Exercise brief
Copy out each entry precisely; no image belongs in the result.

Entries shown
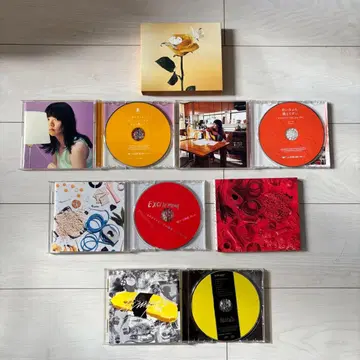 아이묭 CD 4장 세트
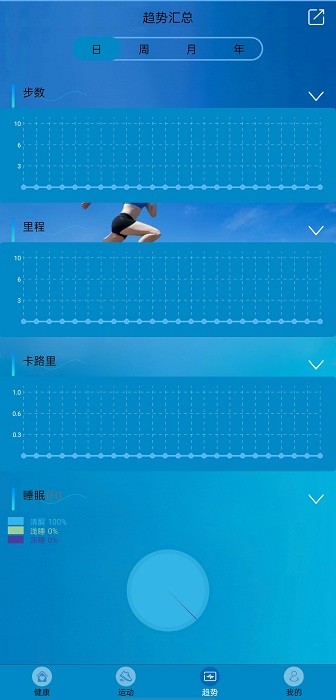 fithere智能手环安卓直装版图3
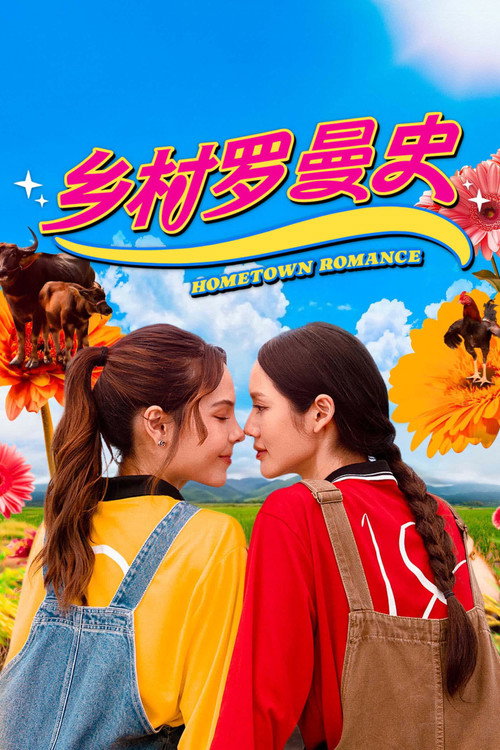 乡村罗曼史电影海报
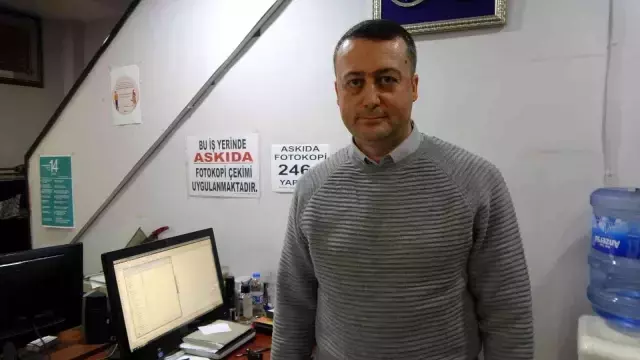 Askıda ekmekten sonra bu da oldu! Rize'de öğrenciler için 'askıda fotokopi' uygulaması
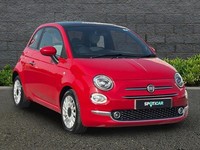 2021 Fiat 500 1.0 MHEV Dolcevita Hatchback 3dr Petrol Manual Euro 6 (s/s) (70 bh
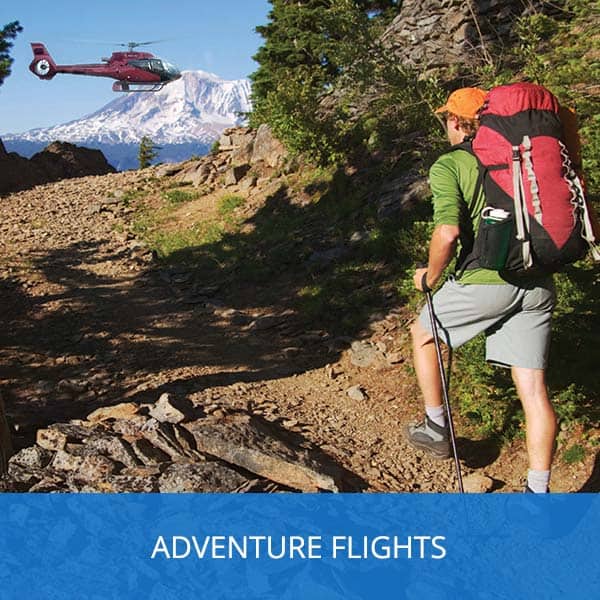 Adventure Flights Helicopter Tours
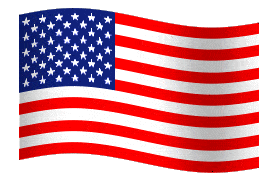 Animated Flag USA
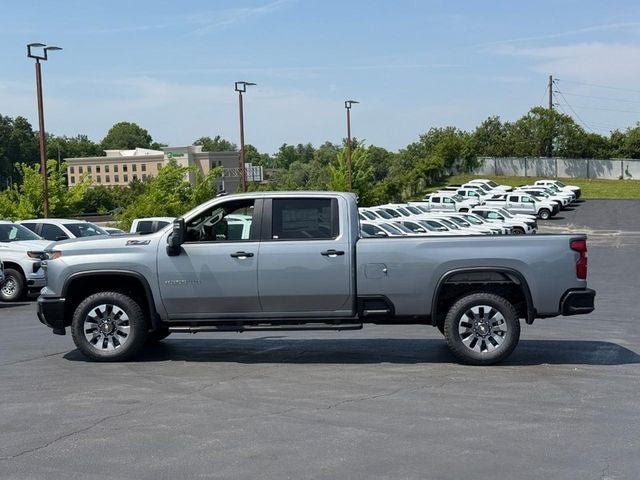 2026 Chevrolet Silverado 2500HD Custom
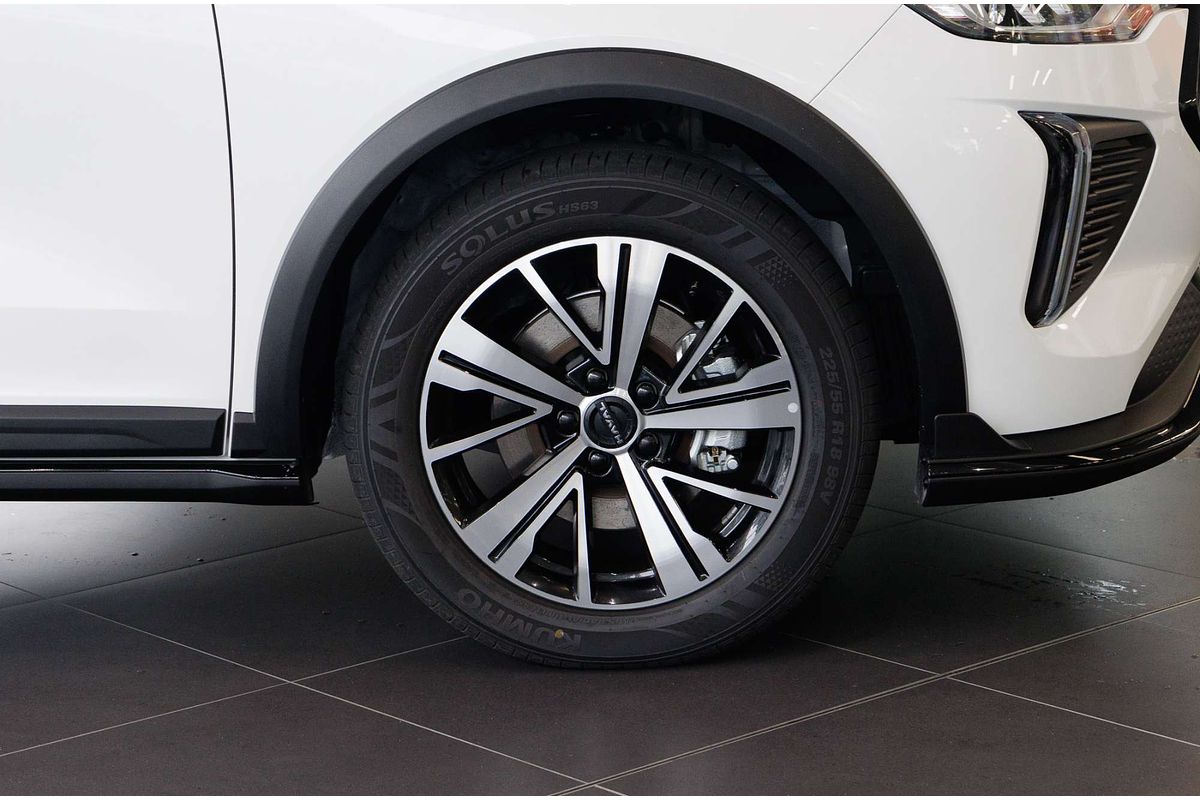 2024 GWM Haval Jolion Ultra Hybrid A02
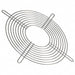 109-620 by Sanyo Denki America Inc. - 160MM FAN GUARD SILVER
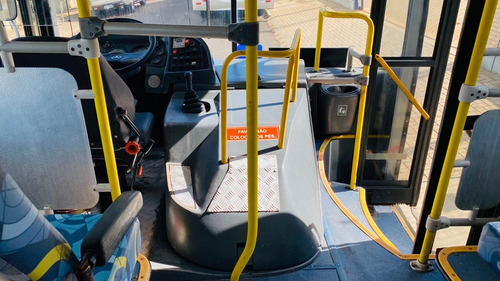 Onibus Longo Mercedes 2009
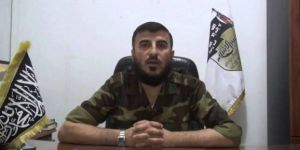 مقتل زهران علوش قائد جيش الإسلام في ريف دمشق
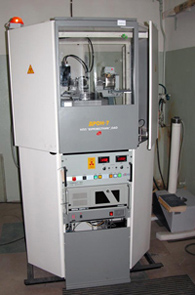 Рентгеновские  дифрактометры ДРОН-7 с  высокотемпературной камерой НТК-1200N.
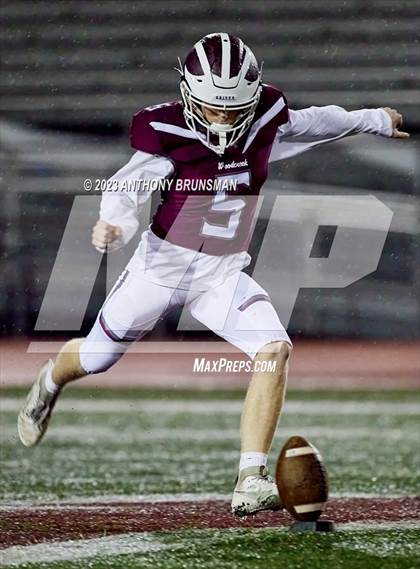 Thumbnail 1 in Vanden @ Woodcreek (CIF SJS D3 Semi-final) photogallery.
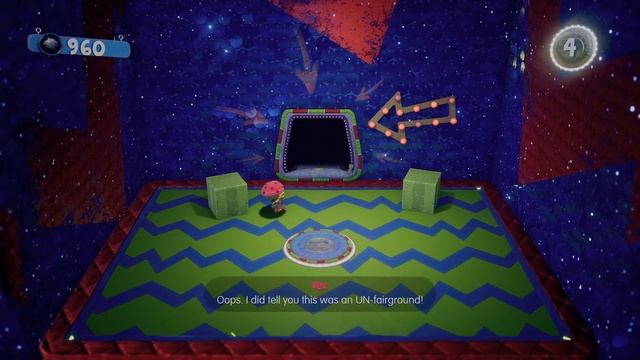 Sackboy™: A Big Adventure - Jumping To Conclusions - ALL PRIZE Locations смотреть онлайн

Reply to the task
 아이묭 CD 4장 세트
 fithere智能手环安卓直装版图3
 乡村罗曼史电影海报
 Askıda ekmekten sonra bu da oldu! Rize'de öğrenciler için 'askıda fotokopi' uygulaması
 2021 Fiat 500 1.0 MHEV Dolcevita Hatchback 3dr Petrol Manual Euro 6 (s/s) (70 bh
 Adventure Flights Helicopter Tours
 Animated Flag USA
 2026 Chevrolet Silverado 2500HD Custom
 2024 GWM Haval Jolion Ultra Hybrid A02
 109-620 by Sanyo Denki America Inc. - 160MM FAN GUARD SILVER
 Onibus Longo Mercedes 2009
 مقتل زهران علوش قائد جيش الإسلام في ريف دمشق
 Рентгеновские  дифрактометры ДРОН-7 с  высокотемпературной камерой НТК-1200N.
 Thumbnail 1 in Vanden @ Woodcreek (CIF SJS D3 Semi-final) photogallery.
 Sackboy™: A Big Adventure - Jumping To Conclusions - ALL PRIZE Locations смотреть онлайн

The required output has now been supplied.